- _WORK ORDER_: The expected output is a copy of every line in the records with the string "Trailer".

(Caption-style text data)
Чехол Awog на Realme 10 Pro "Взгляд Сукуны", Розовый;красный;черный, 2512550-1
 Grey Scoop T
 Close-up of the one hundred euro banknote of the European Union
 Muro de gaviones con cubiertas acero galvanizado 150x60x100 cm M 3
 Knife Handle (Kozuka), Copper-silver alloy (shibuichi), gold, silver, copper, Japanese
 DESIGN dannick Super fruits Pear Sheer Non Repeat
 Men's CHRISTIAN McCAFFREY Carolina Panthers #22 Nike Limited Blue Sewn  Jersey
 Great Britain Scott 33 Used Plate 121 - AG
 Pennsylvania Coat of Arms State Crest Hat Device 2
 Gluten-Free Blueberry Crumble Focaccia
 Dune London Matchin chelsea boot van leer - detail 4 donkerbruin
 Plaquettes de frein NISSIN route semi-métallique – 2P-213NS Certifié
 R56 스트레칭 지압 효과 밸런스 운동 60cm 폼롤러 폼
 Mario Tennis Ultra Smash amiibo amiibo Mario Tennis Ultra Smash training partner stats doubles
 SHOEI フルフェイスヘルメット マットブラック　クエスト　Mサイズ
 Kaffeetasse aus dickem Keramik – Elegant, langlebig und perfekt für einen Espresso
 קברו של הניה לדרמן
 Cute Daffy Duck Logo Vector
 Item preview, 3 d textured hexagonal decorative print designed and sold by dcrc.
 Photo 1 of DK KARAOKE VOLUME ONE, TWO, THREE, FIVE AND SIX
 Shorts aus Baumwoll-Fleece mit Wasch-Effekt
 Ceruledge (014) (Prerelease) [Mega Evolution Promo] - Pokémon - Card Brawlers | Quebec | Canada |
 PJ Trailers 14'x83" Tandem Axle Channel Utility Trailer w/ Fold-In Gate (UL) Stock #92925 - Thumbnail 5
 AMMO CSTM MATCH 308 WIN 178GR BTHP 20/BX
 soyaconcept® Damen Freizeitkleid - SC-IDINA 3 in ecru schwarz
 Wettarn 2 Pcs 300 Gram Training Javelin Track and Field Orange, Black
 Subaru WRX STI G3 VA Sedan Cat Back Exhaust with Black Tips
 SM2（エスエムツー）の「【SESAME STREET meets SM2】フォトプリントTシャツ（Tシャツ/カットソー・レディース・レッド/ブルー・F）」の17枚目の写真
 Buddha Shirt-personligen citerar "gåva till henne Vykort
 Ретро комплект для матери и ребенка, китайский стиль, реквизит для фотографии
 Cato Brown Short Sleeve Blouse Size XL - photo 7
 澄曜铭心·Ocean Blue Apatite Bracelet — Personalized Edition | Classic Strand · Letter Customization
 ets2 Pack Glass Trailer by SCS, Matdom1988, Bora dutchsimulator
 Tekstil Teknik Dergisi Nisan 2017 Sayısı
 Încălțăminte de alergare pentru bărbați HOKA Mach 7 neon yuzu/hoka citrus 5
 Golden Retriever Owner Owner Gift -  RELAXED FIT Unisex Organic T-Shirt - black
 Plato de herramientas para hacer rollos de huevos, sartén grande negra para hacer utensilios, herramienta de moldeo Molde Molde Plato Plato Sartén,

- _RESPONSE BOX_:
 PJ Trailers 14'x83" Tandem Axle Channel Utility Trailer w/ Fold-In Gate (UL) Stock #92925 - Thumbnail 5
 ets2 Pack Glass Trailer by SCS, Matdom1988, Bora dutchsimulator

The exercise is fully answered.